(July 09, 2011) A book of maps and information on the statistics of the Church now
in its sixth edition, with a 100-year history, known as The Atlas Hierarchicus, was
presented to Pope Benedict XVI by Archbishop Fernando Filoni, prefect of the Congregation
for the Evangelization of Peoples, on Wednesday. The work is published by the Pontifical
Urbanian University, with a prologue by the Pope. It contains detailed statistics
of the Church on the five continents, as well as the dioceses and ecclesiastical circumscriptions
that have been created in recent years. The work is financed by the Congregation for
the Evangelization of Peoples. Its objective is not so much to provide data but above
all to offer an overall vision -- current and geographic -- of the Church in the world.

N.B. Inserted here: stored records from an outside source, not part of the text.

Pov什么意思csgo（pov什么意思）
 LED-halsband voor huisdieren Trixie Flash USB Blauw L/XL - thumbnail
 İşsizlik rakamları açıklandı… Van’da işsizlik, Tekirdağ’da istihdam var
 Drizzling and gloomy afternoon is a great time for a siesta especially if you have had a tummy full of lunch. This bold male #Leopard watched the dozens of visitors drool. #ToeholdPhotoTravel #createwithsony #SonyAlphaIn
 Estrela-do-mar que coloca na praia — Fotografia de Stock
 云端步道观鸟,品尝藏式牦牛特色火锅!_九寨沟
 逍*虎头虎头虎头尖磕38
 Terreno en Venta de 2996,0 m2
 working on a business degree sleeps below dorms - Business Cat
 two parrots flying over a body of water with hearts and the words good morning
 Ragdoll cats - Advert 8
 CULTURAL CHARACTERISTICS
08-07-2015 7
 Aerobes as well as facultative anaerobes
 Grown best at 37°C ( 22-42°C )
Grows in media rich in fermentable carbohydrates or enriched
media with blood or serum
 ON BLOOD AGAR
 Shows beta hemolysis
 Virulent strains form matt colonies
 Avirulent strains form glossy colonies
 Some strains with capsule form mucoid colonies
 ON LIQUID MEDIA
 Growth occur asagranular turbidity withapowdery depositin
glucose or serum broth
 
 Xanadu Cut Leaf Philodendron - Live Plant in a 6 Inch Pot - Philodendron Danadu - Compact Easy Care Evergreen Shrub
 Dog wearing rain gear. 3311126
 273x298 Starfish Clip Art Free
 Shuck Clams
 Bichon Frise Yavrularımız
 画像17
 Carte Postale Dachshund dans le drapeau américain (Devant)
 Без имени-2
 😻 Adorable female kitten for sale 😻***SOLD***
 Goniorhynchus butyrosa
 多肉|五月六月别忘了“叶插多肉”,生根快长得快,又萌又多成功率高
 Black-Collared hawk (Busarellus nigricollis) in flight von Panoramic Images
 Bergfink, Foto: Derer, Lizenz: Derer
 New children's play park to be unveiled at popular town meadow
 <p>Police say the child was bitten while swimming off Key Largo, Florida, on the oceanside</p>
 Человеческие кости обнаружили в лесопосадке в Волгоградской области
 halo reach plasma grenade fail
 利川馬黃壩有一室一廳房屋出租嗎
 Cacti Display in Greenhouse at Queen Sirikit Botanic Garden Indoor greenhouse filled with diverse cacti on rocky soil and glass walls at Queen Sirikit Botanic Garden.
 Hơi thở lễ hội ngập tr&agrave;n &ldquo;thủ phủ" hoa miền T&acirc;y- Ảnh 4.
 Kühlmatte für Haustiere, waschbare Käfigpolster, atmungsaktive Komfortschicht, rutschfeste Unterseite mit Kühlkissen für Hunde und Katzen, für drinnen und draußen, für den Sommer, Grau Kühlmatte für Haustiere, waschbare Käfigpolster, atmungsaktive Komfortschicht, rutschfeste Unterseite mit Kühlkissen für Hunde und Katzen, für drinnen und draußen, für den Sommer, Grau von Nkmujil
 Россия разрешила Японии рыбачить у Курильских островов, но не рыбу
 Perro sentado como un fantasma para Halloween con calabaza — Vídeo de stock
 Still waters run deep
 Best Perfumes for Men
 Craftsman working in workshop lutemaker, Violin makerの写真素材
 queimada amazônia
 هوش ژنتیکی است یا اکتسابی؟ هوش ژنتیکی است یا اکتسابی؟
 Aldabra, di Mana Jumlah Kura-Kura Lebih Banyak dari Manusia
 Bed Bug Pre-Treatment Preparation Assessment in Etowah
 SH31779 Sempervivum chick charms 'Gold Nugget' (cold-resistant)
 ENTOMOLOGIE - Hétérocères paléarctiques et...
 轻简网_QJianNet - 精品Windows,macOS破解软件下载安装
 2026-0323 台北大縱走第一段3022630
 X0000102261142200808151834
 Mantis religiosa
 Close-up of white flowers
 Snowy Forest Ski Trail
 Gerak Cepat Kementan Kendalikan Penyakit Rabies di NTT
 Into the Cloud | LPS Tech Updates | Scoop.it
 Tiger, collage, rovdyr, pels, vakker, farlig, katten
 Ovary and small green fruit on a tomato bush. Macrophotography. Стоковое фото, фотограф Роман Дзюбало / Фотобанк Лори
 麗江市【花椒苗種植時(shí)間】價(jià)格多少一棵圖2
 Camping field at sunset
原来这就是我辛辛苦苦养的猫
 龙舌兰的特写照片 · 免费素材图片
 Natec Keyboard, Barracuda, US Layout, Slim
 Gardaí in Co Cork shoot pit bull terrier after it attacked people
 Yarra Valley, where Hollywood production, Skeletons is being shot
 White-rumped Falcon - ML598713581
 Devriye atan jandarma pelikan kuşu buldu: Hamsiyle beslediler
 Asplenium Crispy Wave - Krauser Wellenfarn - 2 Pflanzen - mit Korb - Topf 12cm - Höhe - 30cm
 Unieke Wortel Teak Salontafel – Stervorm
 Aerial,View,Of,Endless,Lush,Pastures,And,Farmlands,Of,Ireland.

The most recent previous edition had been produced in 1992. The first Atlas was made
by Karl Streit of the Divine Word Congregation in 1913. This Dutch religious, who
in 1906 did an atlas on Catholic missions in the world, gave Pope Pius X a copy of
the first Atlas Hierarchicus. It was made, as the author himself explained in the
preface, with the best cartographic resources of the time. This first Atlas was written
in five languages: German, Spanish, English, French and Italian, and was printed in
Padernborn, Germany. It was presented to the Pope as a tribute in the Jubilee Year
of 1913, on the 16th centenary of the Edict of Milan.